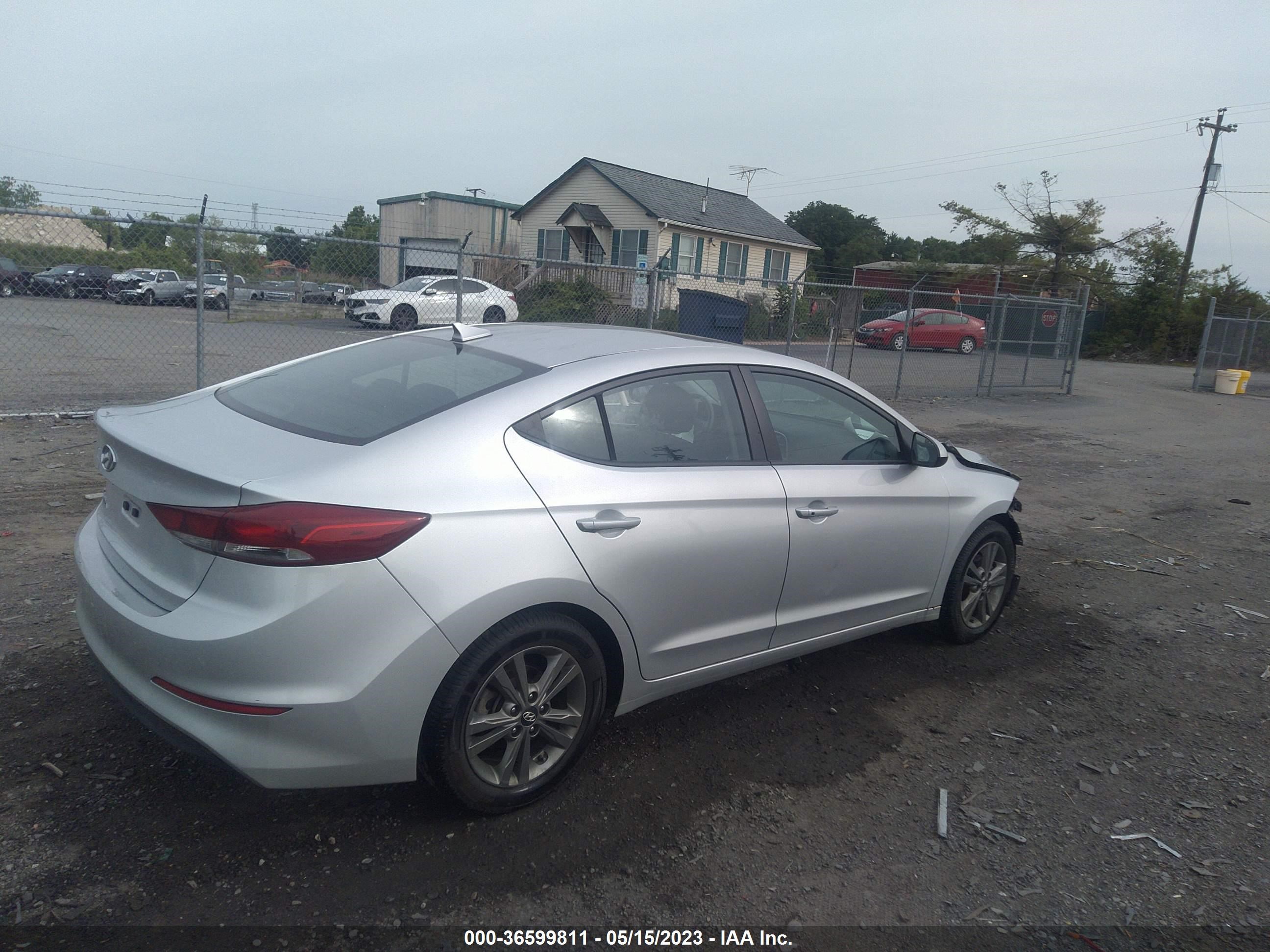 Photo 3 VIN: 5NPD84LF5JH228047 - HYUNDAI ELANTRA 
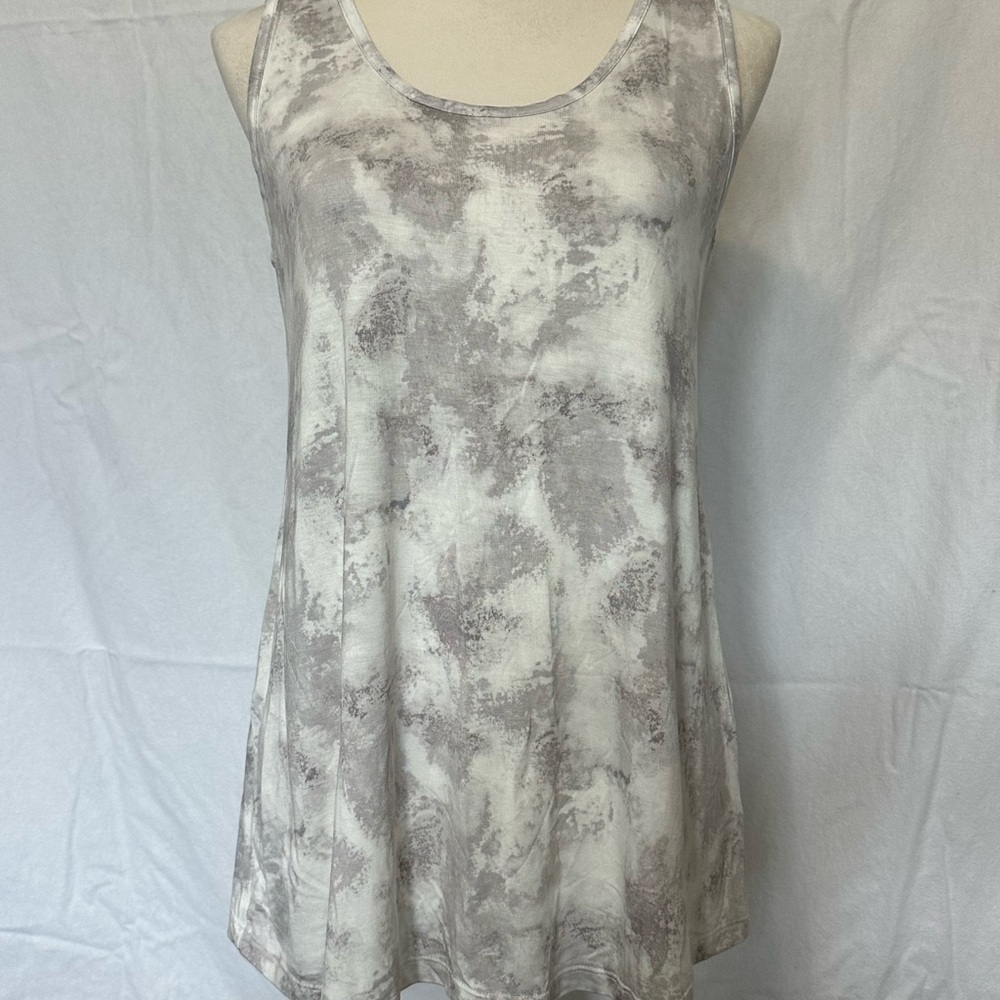cotton knit tank in neutrals of grey, tan, and white.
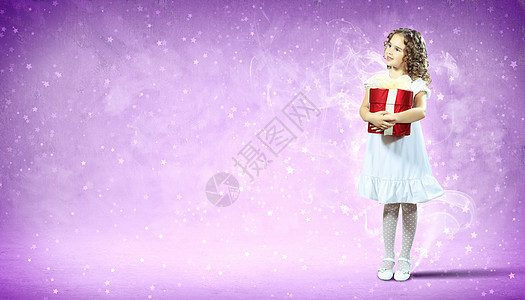 个可爱的轻女孩着诞礼物,深色背景诞灯图片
* * * * *
YOUR TASK:
Would you print the material exactly once more, without any of its pictures?

THE ANSWER:
 Photo 3 VIN: 5NPD84LF5JH228047 - HYUNDAI ELANTRA 
cotton knit tank in neutrals of grey, tan, and white.
 个可爱的轻女孩着诞礼物,深色背景诞灯图片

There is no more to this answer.